Summary The immunotherapeutic efficacy of specific immune plasma was evaluated in pony foals infected experimentally with Rhodococcus equi. Viable R. equi were aerosolised into the right caudodorsal lung of 10 foals at seven days of age. Immune plasma, produced by repeated parenteral administration of viable R. equi to an adult donor gelding, was harvested and frozen. Group 1 (4 foals) and Group 2 (6 foals) foals received lactated Ringer's solution and immune plasma, respectively, at seven and nine days post infection. Clinical signs, haematological alterations, immune responses and thoracic radiographs were monitored throughout the study.
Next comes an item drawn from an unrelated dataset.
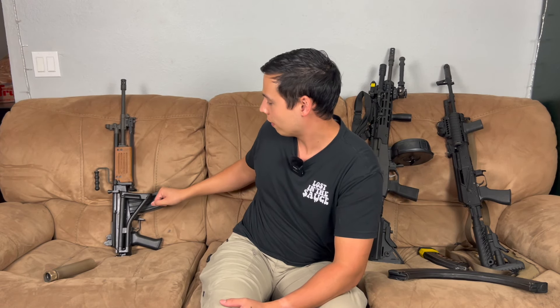The IMI Galil has a 35-round 5.56 mag. It'd be cool to get one in .308 but they're extremely expensive and rare. Thank you guys for watching — I hope you enjoyed, and stay tuned for my next video.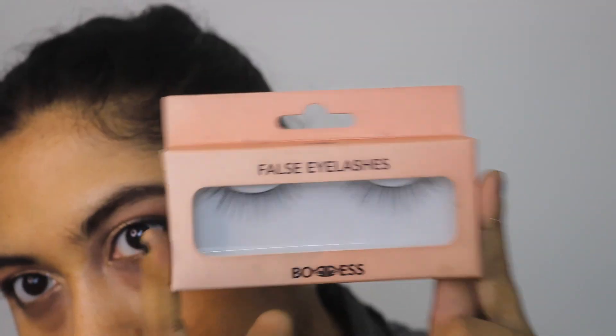Now apply a coat of mascara. You can also apply fake lashes if you want to complete your eye makeup.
All foals were destroyed and complete post mortem examinations were performed. All foals developed pneumonia as evidenced by clinical and radiographic alterations. Immune plasma had no significant effect on survival rate, length of survival, temperature response or peripheral blood concentrations of leucocytes, neutrophils or fibrinogen. Enzyme‐linked immunosorbent assay values for R. equi‐specific antibody and serum concentrations of IgG were significantly greater in Group 2 foals following treatment with immune plasma. Post mortem examination of three Group 1 and four Group 2 foals, destroyed because of terminal disease, revealed severe pyogranulomatous pneumonia. The two surviving Group 2 foals were free of gross pulmonary lesions and had minimal microscopic scar formation three months post infection; whereas the one surviving Group 1 foal had a large, encapsulated, caseonecrotic pulmonary mass three months post infection. This study demonstrates that the parenteral administration of R. equi immune plasma to foals seven days after experimental infection with R. equi does not alleviate the clinical signs nor alter the course of disease.